A move to take the group private would avoid the possible complications of a third-party takeover, which would have to take into account Highland's cross-share arrangement with the French company Remy-Cointreau, and would have to accommodate recently announced distribution agreements.
Remy has a 9.5 per cent stake in Highland, and the Scottish firm holds pounds 105m of convertible debt in the private company that controls Remy.
A takeover bid would have to be agreed by Remy and Highland's other major shareholders: Edrington, a private family trust has a 27.9 per cent stake in the company, Britannic Assurance has a 5.3 per cent share and Prudential has 3.7 per cent.
Analysts also point to Highland's announcement on Thursday that it had signed a joint venture distribution agreement with Remy and US company Jim Beam Brands Worldwide, which they believe suggests a buy-out would be the preferred option.
Remy itself is not thought a likely contender for the Highland bid as the company is recovering from losses last year caused by unsuccessful derivatives trading. The firm recently sold its flagship Krug champagne brand and the firm's 350 per cent gearing also makes it an unlikely bidder. But Highland has a 35 per cent stake in Robertson & Baxter, a leading, unquoted Scottish biscuit firm. Highland acts as a supplier to the firm and the two companies have long had management links.
If Highland's shares are not taken up by a management buy-out, then the most likely contender is Pernod.
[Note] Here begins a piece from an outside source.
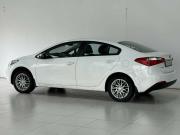 Kia Cerato III Кострома  - изображение 27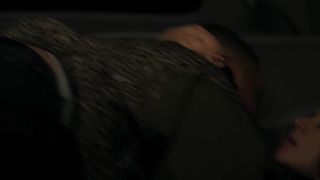 Natalee Linez sexy - Power Book III Raising Kanan s01e06 (2021) show Tv adult film episodes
The company recently raised pounds 2bn in debt, which analysts originally thought would be used to buy some of Allied Domecq's businesses. Another possibility is Bacardi, which recently bought the US-focused Dewers brand.
Jim Bean or Browns Foreman, the US company that owns Jack Daniels and Southern Comfort, have also been named as possible bidders. But analysts ruled out a potential UK buyer because of the size of the Famous Grouse brand, which is the country's second best selling blended whiskey after Bell's, owned by Diageo.